Last Monday's change of plans by the Bridgeport, Conn., bank-holding company underscores a problem with the growing pile of terminally ill U.S. banks being wrestled with by the Federal Deposit Insurance Corp.
Some are in such bad shape that potential buyers won't touch them at any price, even if the government agrees to eat losses on the failed bank's bad loans.
In addition to their depleted capital, many seized banks operate in areas with sluggish growth prospects, are puny and are loaded with expensive deposits gathered through brokers that are likely to leave when the acquiring bank reins in interest rates, some bankers complain.
Philip Sherringham, chief executive of People's United, said it is getting harder to find the dream deal that bank officials hoped to hatch from a wrecked bank.
The supply of ideal targets—sensible deposit-gatherers that fatally "overextended" their loan portfolio—is slim and the competition fierce, he said.
The company's roots go back to 1842. Its biggest deal was the 2008 purchase of Chittenden Corp., including six banks owned by the Burlington, Vt., company. The financial crisis has given People's United an appetite for dying banks that nevertheless might have some valuable pieces.
But of the 124 banks to fail so far this year, many of those put up for sale by regulators as part of the seizure process "are of very poor quality," said Norm Skalicky, chief executive of Stearns Financial Services Inc. "It's not as if you can walk in and you are in business."
The St. Cloud, Minn., bank has bought five failed banks since the financial crisis erupted, including two in Florida and one in Atlanta, where soured real-estate loans are piling up and deposits are expensive.
Fifth Third Bancorp CEO Kevin Kabat complained at an investor conference recently that the "relative quality…of available FDIC transactions have really not been very attractive from our perspective."
The Cincinnati bank bought failed Freedom Bank of Brandenton, Fla., in October 2008 and is looking mostly for FDIC-arranged deals in geographic areas where Fifth Third already has branches.
Sluggish interest in doomed banks could push the FDIC's losses higher at a time when the agency's fund to shield depositors is in negative territory for just the second time in its history.
Kevin L. Petrasic, a lawyer at Paul, Hastings, Janofsky & Walker LLP, said FDIC officials might be forced to bundle some small banks together in order to lure potential buyers.
An FDIC spokesman said the agency isn't having trouble lining up buyers.
About 95% of banks seized by regulators have been sold. While some attract few bids, the FDIC has "had tremendous success in finding buyers," the spokesman said.
Two of the nine banks that failed this month were sold without loss-sharing agreements.

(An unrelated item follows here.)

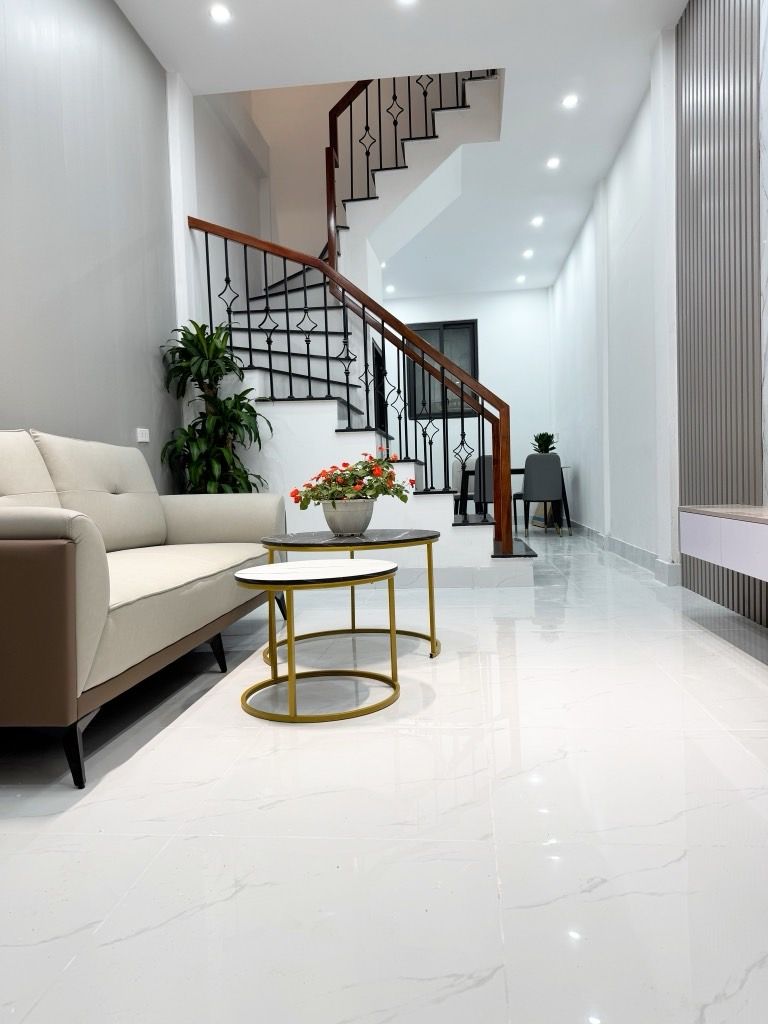 Bán nhà Kim Giang - diện tích 38m2 5 tầng - Full nội thất - giá 9,4 tỷ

People's United has been hunting the U.S. for attractive acquisition targets. The bank has relatively few problems compared with the overall banking industry and $2.6 billion in capital to spend.
Last month, regulators notified People's United that its bid for FBOP Corp., the battered Illinois owner of nine banks, wasn't chosen by the government, according to people familiar with the matter.
U.S. Bancorp bought the banks and reopened the branches as part of the Minneapolis-based regional bank.